Tag Archives: letting go

Freedom Has a Funeral

The Cost of Greatness Series: ACT 2

Ghosts

The things that don’t leave, linger. Even after the door is shut, the house sold, divorce inked, name blocked, and the silence stretches long enough to call it peace. Ghosts don’t ask if they can stay. They live in muscle memory, in the back of your throat, in the split-second pause before you say “I’m fine” even when you’re not.

You think you’ve let go. Run away. But then, a season, a song, a smell, a photo, a certain kind of laughter resurrects a version of you that you swore was dead. The lover. The giver. The caretaker. The apologizer. The one who stayed. You wonder if healing means forgetting, but not everything that’s gone stays gone. Some things haunt and hunt because they were never fully named or mourned.

Some ghosts don’t haunt—they hold.

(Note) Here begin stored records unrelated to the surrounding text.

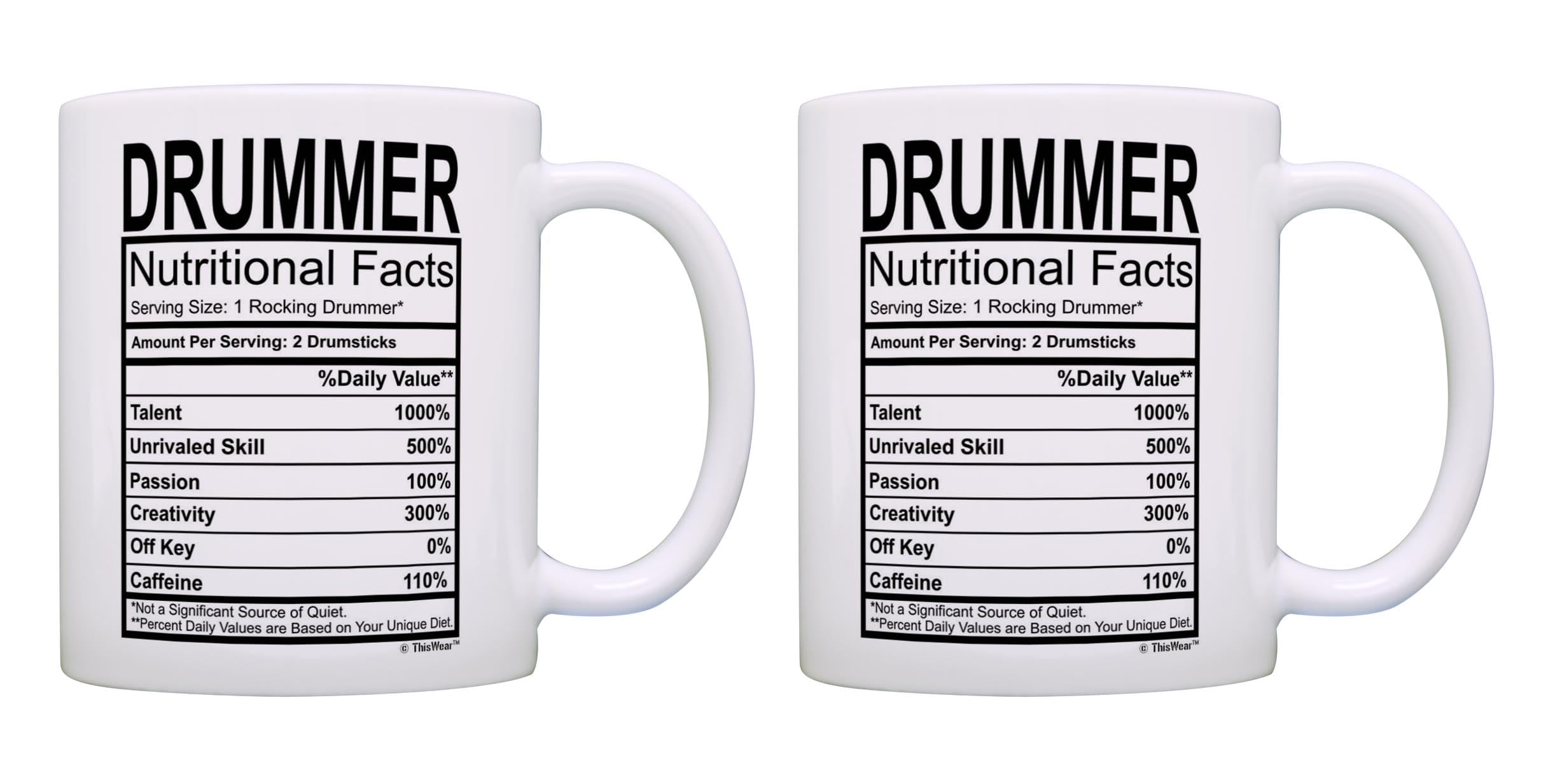 Marching Band Gifts Drummer Nutritional Facts Label Drums 2 Pack Gift 11Oz Ceramic Coffee Mugs Tea Cups White
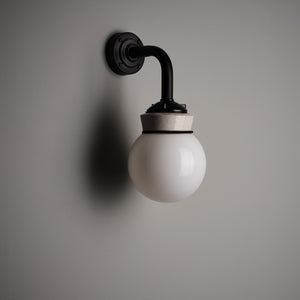 White Globe Wall Light - 16cm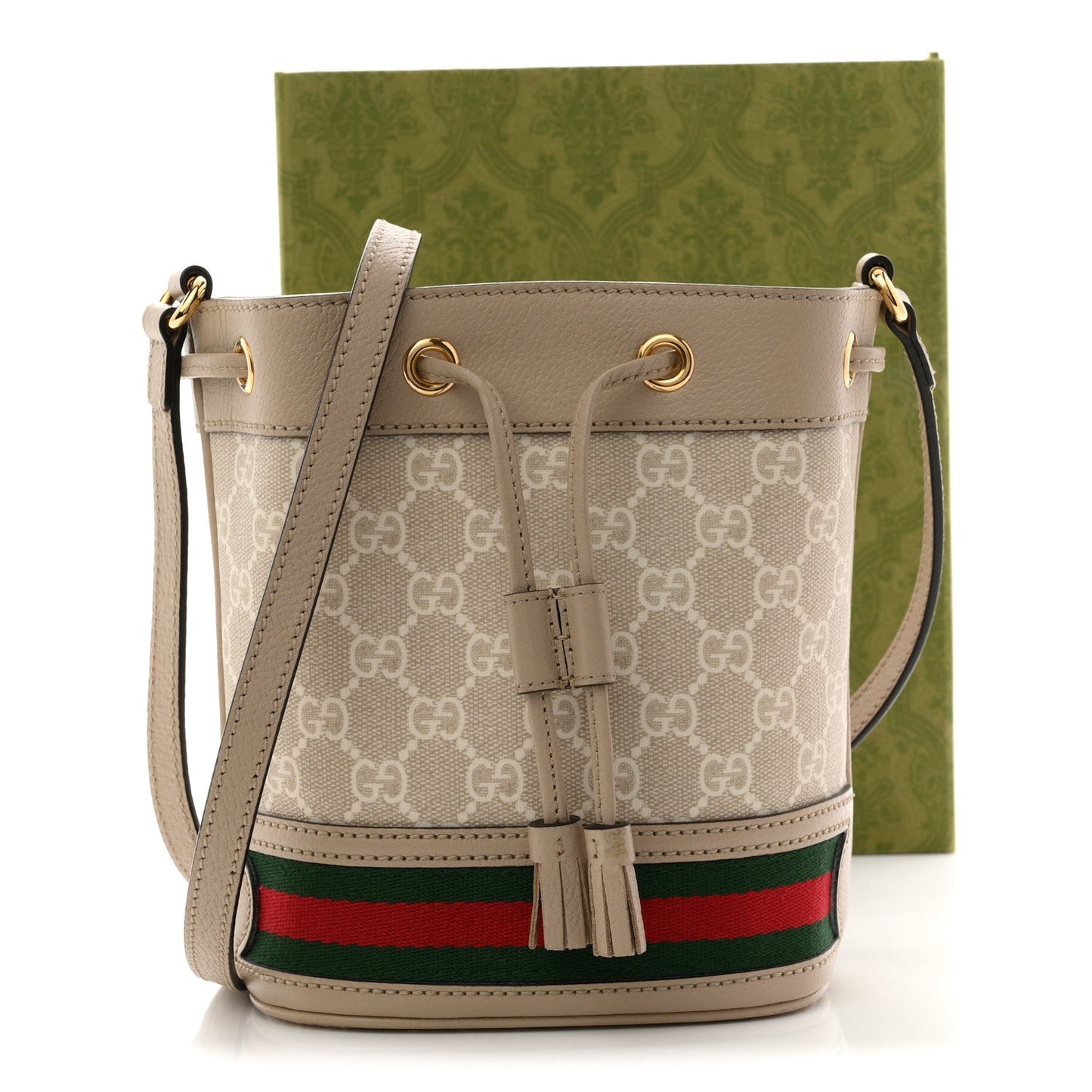 GG Supreme Monogram Textured Calfskin Web Mini Ophidia Bucket Bag Beige Ebony Mystic White Oatmeal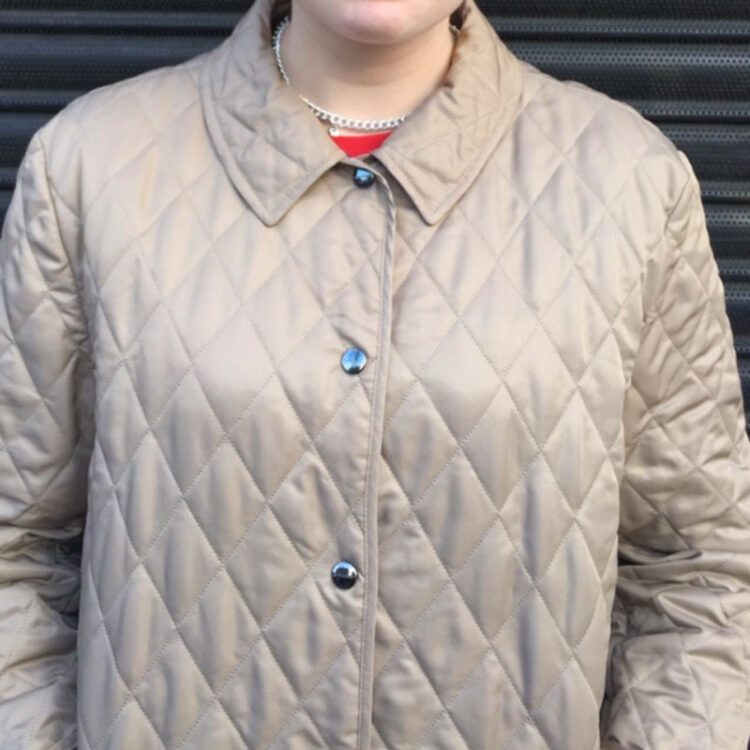 Burberry Cream Quilted Jacket UK 14 Blue 17 Vintage Clothing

And letting them go feels like betrayal.

There are people we lose who never truly saw us, and yet their absence echoes because we shaped ourselves around their shadows. The grief isn’t for who they were, but for who we hoped they could be. That hope has to die too.

Grief

Grief doesn’t always show up in black clothes at funerals or on the sofa with a bucket of ice cream. As I wrote this post, I thought about the four storage units we filled after losing our home. One was sold in the chaos. Nearly two years later, when I returned to clear out what was left and prepare to move into a new space, some place I could dare to call “home”, I was hit with a grief I didn’t expect. Not just for the objects, but for the life they once held. The artwork we carefully chose and placed. The furniture that cradled us. The holiday décor that made the house feel magical. The unique pots and pans we used to cook meals that held us together. Flower pots. Garden tools. Exercise equipment. Closets full of clothes and the everyday accessories that made the space ours. I realized the home I once admired no longer existed. And maybe more painfully, neither did the people who lived there. Everyone went their separate ways, chasing whatever version of peace or survival they needed to find.

I had already given away so much. So, I gave away more. Sold what I could. And my plants died in the crossfire. Some, I’d nurtured from fragile stems into six-foot monuments of resilience. They were my sanctuary, my breath when I couldn’t catch one, my quiet companions. They had names. They had personalities. They sang their own soft songs. Their death felt final. And in many ways, it was. But the grief lingers on.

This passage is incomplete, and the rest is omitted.